Un día las viejas consignas quedaron en un rincón. Los libros, las canciones, ya nada fue igual. Los viejos camaradas ya no iban a la cita. Las banderas arrolladas, los panfletos amarillentos…
Las recetas de los médicos tenían más valor que las propuestas de los compañeros. La tele le ganaba a la lectura, los reality shows a las obras de teatro.

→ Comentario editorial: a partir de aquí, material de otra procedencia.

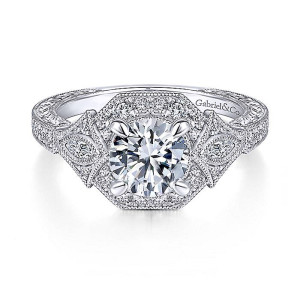Gabriel 14 Karat Round Halo Engagement Ring ER14440R4W44JJ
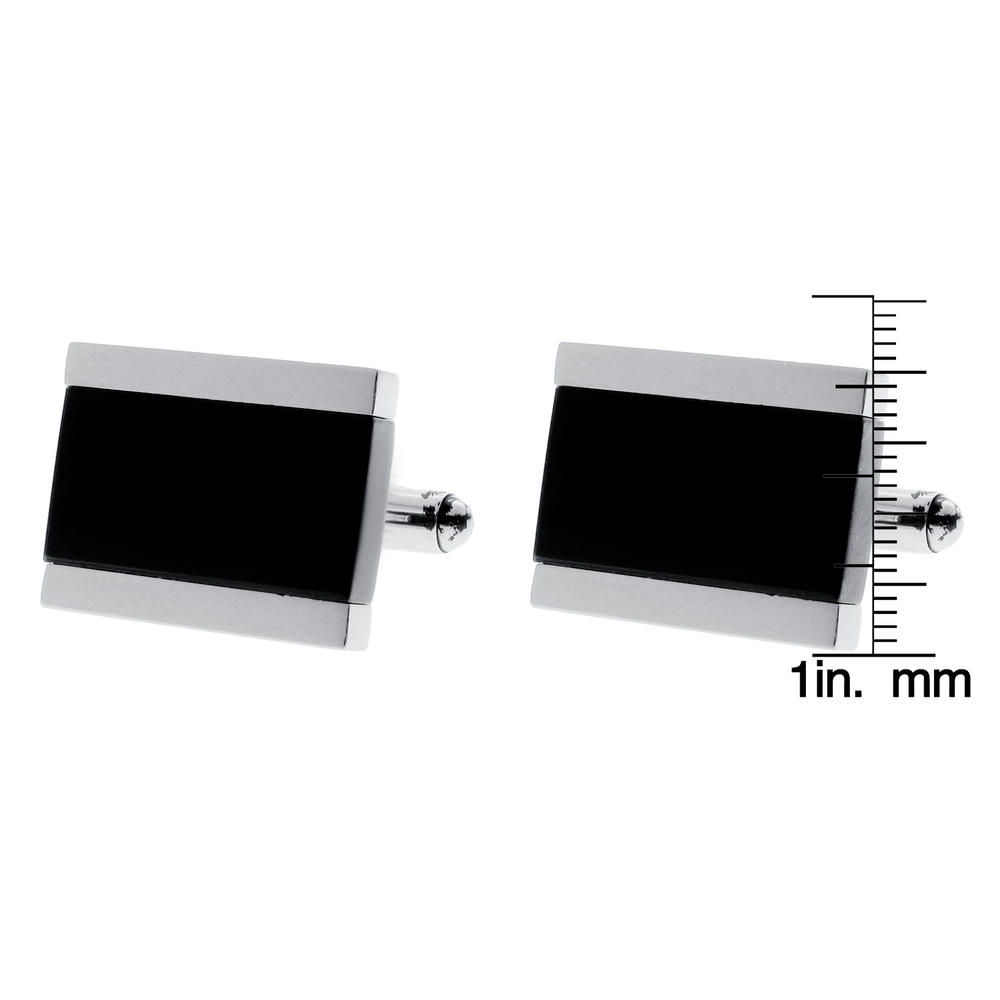 Rectangle Cuff Links with Black Ion Plating Accent in Stainless Steel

Afuera, los de infames voces, seguían prometiendo, agitaban los colores y primaveras lejanas, pero no veían el invierno nuestro, el de los de a pie. Los que no creíamos las patrañas usureras de los que un día levantaron las banderas y se las llevaron para su casa, para el banco, para el auto y para la estancia. Los que se burlaban por la 4×4, los que decían que nos defendían, un día tiraron a la basura los principios, la educación, la salud, la economía, se disfrazaron un 31 de octubre y nos entregaron un espectáculo sin redención.
Nosotros solo pedimos una oportunidad, quisimos hacer algo en favor del mundo. No ambicionamos fortuna propia, solo alegrías ajenas y justicia social para todos al fin y al cabo… ¿Tan errados estábamos?
Fue cuando del tiempo, y del fondo de su pecho, vino la voz. No era solo la de Pablo Milanés, que nos vamos poniendo viejos, sino un murmullo interno, una porfía obstinada. Sí, sus apóstoles se habían ido. Habían sido hombres de tierra y no de espíritu, traicionando la promesa por el brillo del dinero. Pero él no era como ellos. Sentado en su rincón, un hombre solo contra la marea del hastío y la traición, sintió el último aliento de aire que le quedaba; ese soplo precioso que le daba su vieja y terca humanidad.
Y en ese pequeño espacio, en esa breve bocanada de vida, sintió que aún podía predicar. Se levantó con la pesadez de los años, pero con la fe intacta del primer día. La causa no había muerto; solo se había mudado. Ahora residía, por completo, dentro de él. Su voluntad inquebrantable no era ya el grito en la plaza, sino la paciencia de seguir siendo justo, la decencia de tratar con bondad al vecino y la obstinación de contar, a quien quisiera escuchar, las viejas historias, aquellas de la justicia que sí era posible.
El púlpito era su pequeña mesa de la cocina; su panfleto, la palabra dicha con honestidad. Con el último aliento que le daba su vieja persistencia, ese que le recordaba que seguía vivo y que el amor era la única verdad que no se corrompe, sabía que mientras él respirara, las buenas nuevas no serían derrotadas.